[Collected data entries]
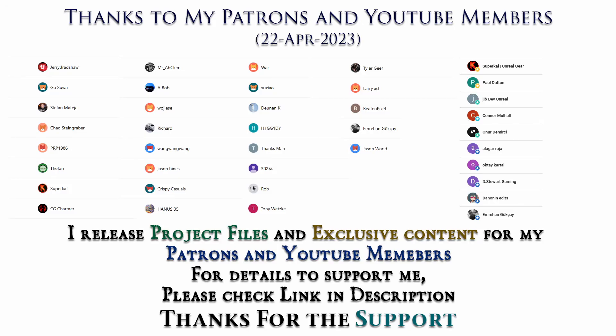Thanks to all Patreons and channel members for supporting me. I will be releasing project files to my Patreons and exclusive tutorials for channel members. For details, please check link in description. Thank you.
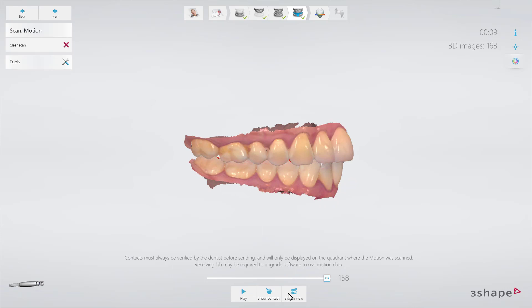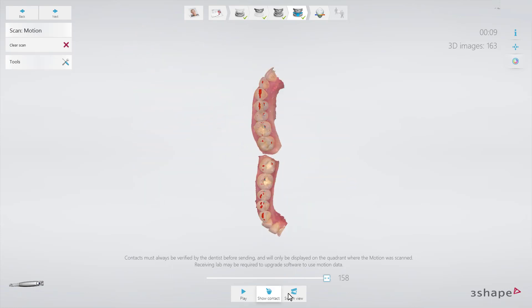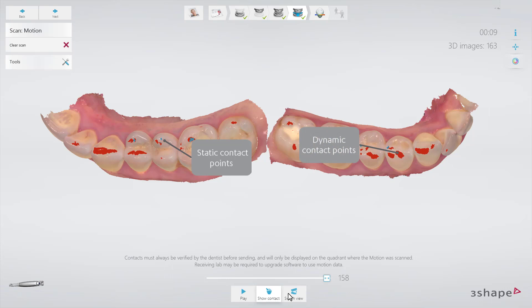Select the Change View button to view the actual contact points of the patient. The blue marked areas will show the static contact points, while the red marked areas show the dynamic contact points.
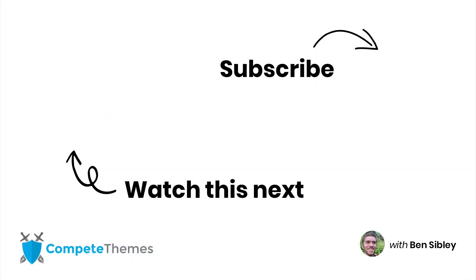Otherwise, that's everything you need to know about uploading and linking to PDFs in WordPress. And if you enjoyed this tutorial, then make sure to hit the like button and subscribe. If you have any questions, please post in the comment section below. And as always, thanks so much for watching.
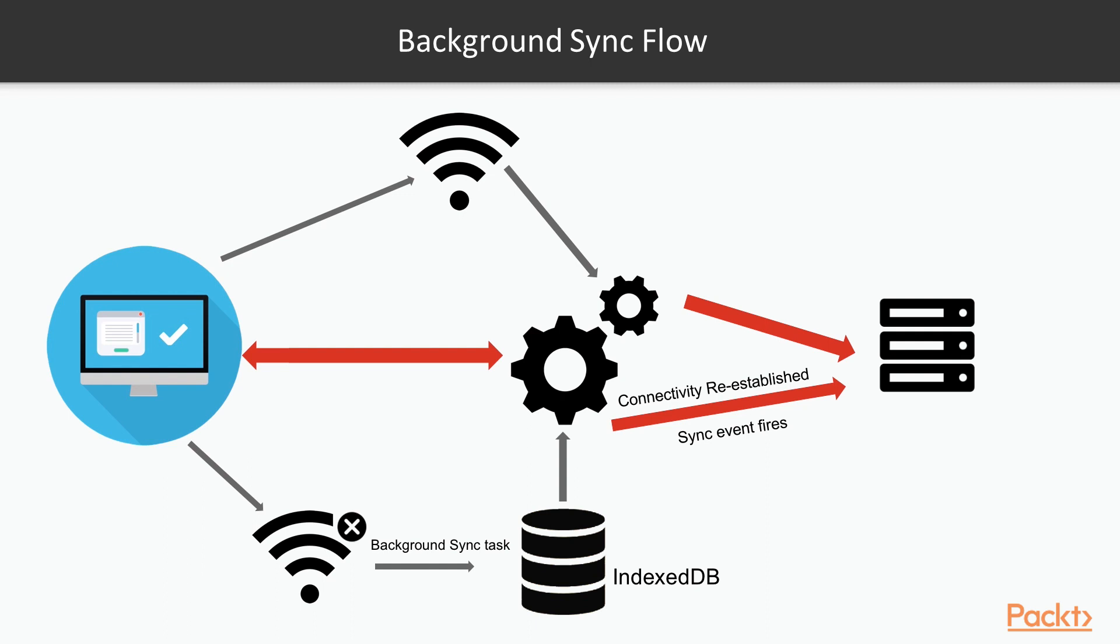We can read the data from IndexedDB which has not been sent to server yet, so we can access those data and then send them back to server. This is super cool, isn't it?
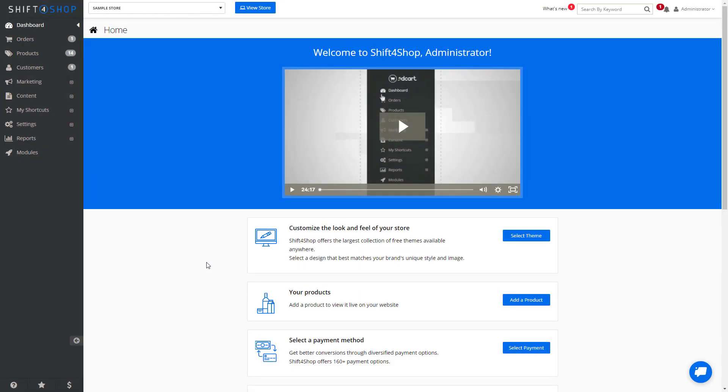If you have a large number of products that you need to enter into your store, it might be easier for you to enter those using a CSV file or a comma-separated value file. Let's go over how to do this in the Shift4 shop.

# Exercise objective
Look above for the line containing "Select the Change", then retype it and each line after it to the end of the records, exactly and without pictures.

# Exercise answer
Select the Change View button to view the actual contact points of the patient. The blue marked areas will show the static contact points, while the red marked areas show the dynamic contact points.
Otherwise, that's everything you need to know about uploading and linking to PDFs in WordPress. And if you enjoyed this tutorial, then make sure to hit the like button and subscribe. If you have any questions, please post in the comment section below. And as always, thanks so much for watching.
We can read the data from IndexedDB which has not been sent to server yet, so we can access those data and then send them back to server. This is super cool, isn't it?
If you have a large number of products that you need to enter into your store, it might be easier for you to enter those using a CSV file or a comma-separated value file. Let's go over how to do this in the Shift4 shop.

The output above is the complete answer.